Tom Brady destroyed his cellphone.

The Patriots quarterback, whose four-game suspension was upheld by the NFL, testified at his appeal hearing on June 23 that it is standard practice for him, or his assistant, to destroy his old cellphones and SIM cards upon acquiring a new one. He began using a new phone “on or about March 6,” which is also the day he met with Ted Wells and investigators to be interviewed about Deflategate.

Commissioner Roger Goodell, in his 20-page explanation of his decision to uphold the suspension, called this decision “very troubling.”

“Mr. Brady made a deliberate effort to ensure that investigators would never have access to information that he had been asked to produce,” Goodell wrote.


Brady used the old cellphone for four months — beginning Nov. 6, 2014 — before getting a new one. He did not tell Wells and investigators about his decision to get rid of the old phone, and its contents, until June 18.

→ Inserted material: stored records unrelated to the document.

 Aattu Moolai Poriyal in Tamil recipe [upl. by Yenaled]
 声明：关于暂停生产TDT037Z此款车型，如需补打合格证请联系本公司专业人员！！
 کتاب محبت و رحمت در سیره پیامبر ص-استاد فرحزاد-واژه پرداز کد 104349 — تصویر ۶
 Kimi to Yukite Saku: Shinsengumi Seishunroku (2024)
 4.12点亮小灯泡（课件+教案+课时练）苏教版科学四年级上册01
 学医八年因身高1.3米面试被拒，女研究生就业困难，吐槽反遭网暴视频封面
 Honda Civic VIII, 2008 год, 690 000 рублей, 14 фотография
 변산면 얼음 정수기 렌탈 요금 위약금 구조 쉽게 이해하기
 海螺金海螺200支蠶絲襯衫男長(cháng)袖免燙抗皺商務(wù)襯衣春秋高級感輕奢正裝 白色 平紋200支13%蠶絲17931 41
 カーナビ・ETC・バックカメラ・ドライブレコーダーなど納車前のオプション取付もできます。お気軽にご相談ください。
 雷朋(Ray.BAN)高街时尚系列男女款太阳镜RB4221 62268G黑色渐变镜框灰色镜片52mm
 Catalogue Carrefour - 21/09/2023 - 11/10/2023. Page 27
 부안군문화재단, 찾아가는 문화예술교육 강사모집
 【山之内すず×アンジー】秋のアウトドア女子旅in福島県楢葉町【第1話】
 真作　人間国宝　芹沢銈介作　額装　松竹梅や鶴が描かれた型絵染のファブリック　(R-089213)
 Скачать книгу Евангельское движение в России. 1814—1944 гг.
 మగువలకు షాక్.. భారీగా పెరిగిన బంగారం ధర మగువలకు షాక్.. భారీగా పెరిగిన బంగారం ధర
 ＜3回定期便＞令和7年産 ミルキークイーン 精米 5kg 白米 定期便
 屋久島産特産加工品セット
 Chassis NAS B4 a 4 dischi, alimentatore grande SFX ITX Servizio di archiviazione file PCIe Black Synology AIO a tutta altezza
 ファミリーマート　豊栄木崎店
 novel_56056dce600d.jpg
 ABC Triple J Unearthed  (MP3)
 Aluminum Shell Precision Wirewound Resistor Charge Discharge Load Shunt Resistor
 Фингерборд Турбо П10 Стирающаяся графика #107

“During the four months that the cellphone was in use, Brady had exchanged nearly 10,000 text messages, none of which can now be retrieved from that device,” the league said in its release Tuesday. “Following the appeal hearing, Mr. Brady’s representatives provided a letter from his cellphone carrier confirming that the text messages sent from or received by the destroyed cellphone could no longer be recovered.”

The NFL Players’ Association hired a forensic expert, Brad Maryman, to review two of Brady’s cellphones — one used from spring 2014 to Nov. 5, 2014 and the other from March 6 to April 8 — and submit a report for the appeal hearing.

Goodell wrote that Maryman’s review “was extremely limited” and didn’t include all communication materials investigators requested.

Goodell also wrote that Maryman’s review of the first of those two phones went against Brady’s claim that it’s common practice for him to destroy old phones.


“Had Mr. Brady followed what he and his attorneys called his ‘ordinary practice,’ one would expect that the cellphone that he had used prior to November 6, 2014 would have been destroyed long before Mr. Maryman was hired,” Goodell wrote. “No explanation was provided for this anomaly.”